After four years without a home, Brian Tagalik and Pitsiulaaq Ashoona pitched their tent outside of the Nunavut legislative assembly to bring awareness to invisible homelessness in Iqaluit.
“It will give the public outcry that people need to realize the true scope of housing in Nunavut,” said Tagalik.
The two are common-law partners and are now sleeping outside with their two children, ages one and seven, until their situation is remedied.
Homelessness has imposed an unpredictability that controls their everyday lives, said Ashoona as she sat in the legislative assembly after a meeting with ministers and MLAs.
Ashoona has worked with the Government of Nunavut (GN) for nearly 15 years in casual and relief positions in the Department of Health with no offer for an indeterminate position and the accompanying housing security.
Lower positions, including her job as a medical records clerk, don’t come with housing.
Tagalik completed college, and Ashoona finished her first year of nursing before taking a job with the GN.
“Once you’re done your program, if you don’t get an (indeterminate) government job, there are no outlets for you to receive any employment that comes with housing,” said Tagalik.
The two found themselves homeless and couch-surfing with family and friends. That has become untenable and made it even more difficult for Ashoona to get a full-time position.
Being kicked out or having a rough sleep because of a rowdy homeowner can turn the next day into a write-off, she said, as her 18-month-old child poked her head outside of her amauti.
“If we’re put out in the middle of the night, we have to pack all our things and find a place to stay,” said Ashoona. “If we’re kept up all night and barely had any sleep, I’ll miss work in the morning.”
Ashoona has “amazingly” kept her casual employment, despite the unpredictability, said Tagalik.
As winter sets in, the family has moved their belongings into the tent, where they plan to stay until there is a resolution to their homelessness.

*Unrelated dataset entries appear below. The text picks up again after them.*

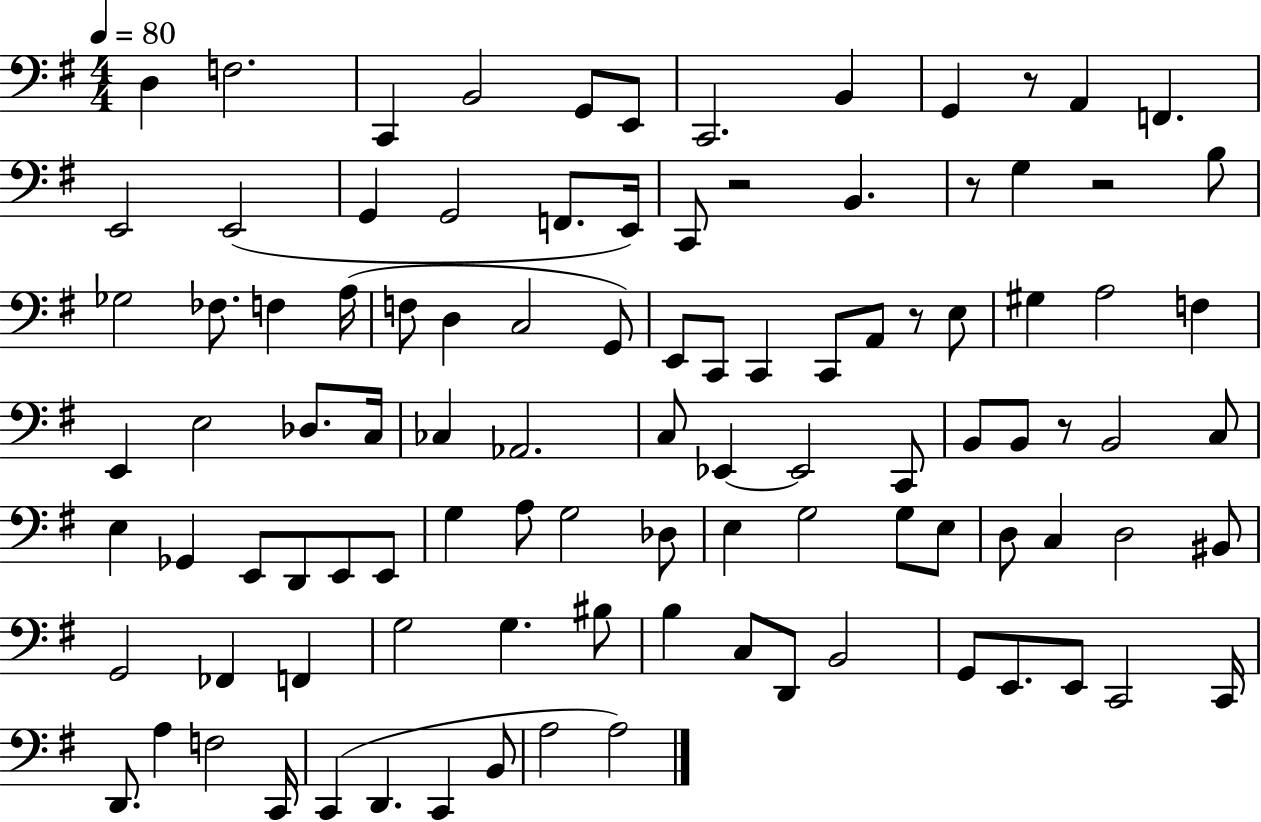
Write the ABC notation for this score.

X:1
T:Untitled
M:4/4
L:1/4
K:G
D, F,2 C,, B,,2 G,,/2 E,,/2 C,,2 B,, G,, z/2 A,, F,, E,,2 E,,2 G,, G,,2 F,,/2 E,,/4 C,,/2 z2 B,, z/2 G, z2 B,/2 _G,2 _F,/2 F, A,/4 F,/2 D, C,2 G,,/2 E,,/2 C,,/2 C,, C,,/2 A,,/2 z/2 E,/2 ^G, A,2 F, E,, E,2 _D,/2 C,/4 _C, _A,,2 C,/2 _E,, _E,,2 C,,/2 B,,/2 B,,/2 z/2 B,,2 C,/2 E, _G,, E,,/2 D,,/2 E,,/2 E,,/2 G, A,/2 G,2 _D,/2 E, G,2 G,/2 E,/2 D,/2 C, D,2 ^B,,/2 G,,2 _F,, F,, G,2 G, ^B,/2 B, C,/2 D,,/2 B,,2 G,,/2 E,,/2 E,,/2 C,,2 C,,/4 D,,/2 A, F,2 C,,/4 C,, D,, C,, B,,/2 A,2 A,2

Shelter spaces, though available, would force the family to split up. Ashoona could not go to the women’s shelter because she has employment with the government, and while the Qimaavik women’s shelter would take in Ashoona and the children, Tagalik would be forced to a different location, he said.
“I’ve slept in cars, I’ve slept in shacks. You name it, anywhere to get my head down or my family a peaceful sleep, we’ve done it,” he said.

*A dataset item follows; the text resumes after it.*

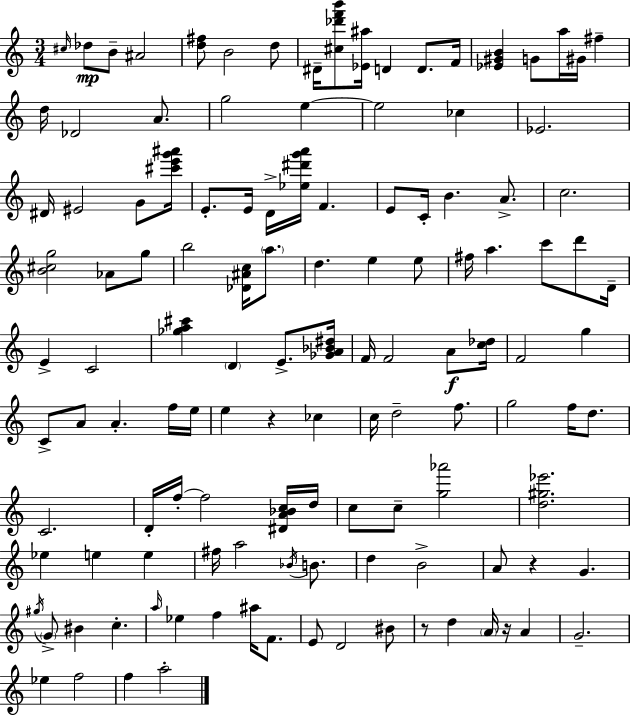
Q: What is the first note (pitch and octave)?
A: C#5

Sometimes the unstable environment housing means their eldest daughter doesn’t go to school, he said.
“Even when we were couch-surfing, sometimes we’ll get up dog-tired and only have a handful of hours of sleep. It’s tiring and very difficult to have a routine when you don’t even have a place to sleep at night,” he said.
“This is the perfect example. We’re halfway through the week and my daughter hasn’t been to school once because we’re sleeping in a tent and trying to get people to see what Inuit are living through.”
On Wednesday morning, Tagalik and Ashoona met with Nunavut Housing Corporation president Terry Audla, Health Minister Pat Angnakak, Family Services Minister Elisapee Sheutiapik and MLA Adam Lightstone.
During the meeting, they discussed solutions for the family’s housing situation.
They were also invited to the Iqaluit Housing Authority meeting Wednesday. This year, 10 units of public housing are coming available. The family hopes one will be available for them.
The family first added their names to the waitlist four years ago, including a period of nine months during which they were off the list.
“There are families in small communities who wait five to 10 years for a unit,” she said.
“The realities are that across the territory we’re in a housing crisis,” Audla said, “so we need to catch up to the need at least 3,500 units. That’s huge in this territory.”
The private market is “unattainable” and most Nunavummiut don’t have access to diverse housing options, he said.
“Here in Nunavut it’s public housing, or hopefully a government job,” said Audla.
Two years ago the federal government announced $240-million over 10 years, which would allow for the construction of 40 public housing units per year.
Currently, they are building 100 yer year, but Audla anticipates it could take up to 60 years at current funding levels to build the number of units needed.
For those without adequate housing, Audla recommends filling out an application to give a “truer number” of those in need.
“It helps us in our cause to try and leverage more money out of the federal government,” he said.